4. $$\det(A)$$ is an antisymmetric function of the columns of $$A$$. In other words, given any positive integers $$1\leq i<j\leq n$$ and denoting $$A = \left[ A^{(\cdot, 1)} \mid A^{(\cdot, 2)} \mid \cdots \mid A^{(\cdot, n)} \right]$$, $\det(A) = - \det \left[ A^{(\cdot, 1)} \mid \cdots \mid A^{(\cdot, j)} \mid \cdots \mid A^{(\cdot, i)} \mid \cdots \mid A^{(\cdot, n)} \right].$

5. if $$A$$ has two identical columns, $$\det(A) = 0$$.

6. if $$A$$ has a column of zero's, $$\det(A) = 0$$.

7. Properties 3-6 also hold when rows are used in place of columns.

8. given any other matrix $$B \in \mathbb{F}^{n\times n}$$, $\det(A B) =\det(A)\;\det(B).$

9. if $$A$$ is either upper triangular or lower triangular, $\det(A) = a_{1 1} a_{2 2} \cdots a_{n n}.$

Proof

First, note that Properties 1, 3, 6, and 9 follow directly from the sum given in Equation \ref{eqn:det}. Moreover, Property 5 follows directly from Property 4, and Property 7 follows directly from Property 2. Thus, we only need to prove Properties 2, 4, and 8.

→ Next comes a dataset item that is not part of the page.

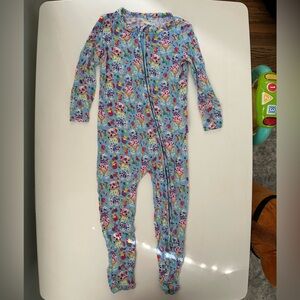 Lisa Frank by Posh Peanut convertible one piece pajama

Proof of 2: Since the entries of $$A^T$$ are obtained from those of $$A$$ by interchanging the row and column indices, it follows that $$\det(A^T)$$ is given by

$\det(A^T) = \sum_{\pi \, \in \, \mathcal{S}_{n}} \mbox{sign}(\pi)\; a_{\pi(1),1}a_{\pi(2),2}\cdots a_{\pi(n),n}\,.$

Using the commutativity of the product in $$\mathbb{F}$$ and Equation (8.1.3), we see that

$\det(A^T) = \sum_{\pi \, \in \, \mathcal{S}_{n}} \mbox{sign}(\pi^{-1})\; a_{1,\pi^{-1}(1)}a_{2,\pi^{-1}(2)} \cdots a_{n,\pi^{-1}(n)}\,,$

which equals $$\det(A)$$ by Equation \ref{8.2.5}.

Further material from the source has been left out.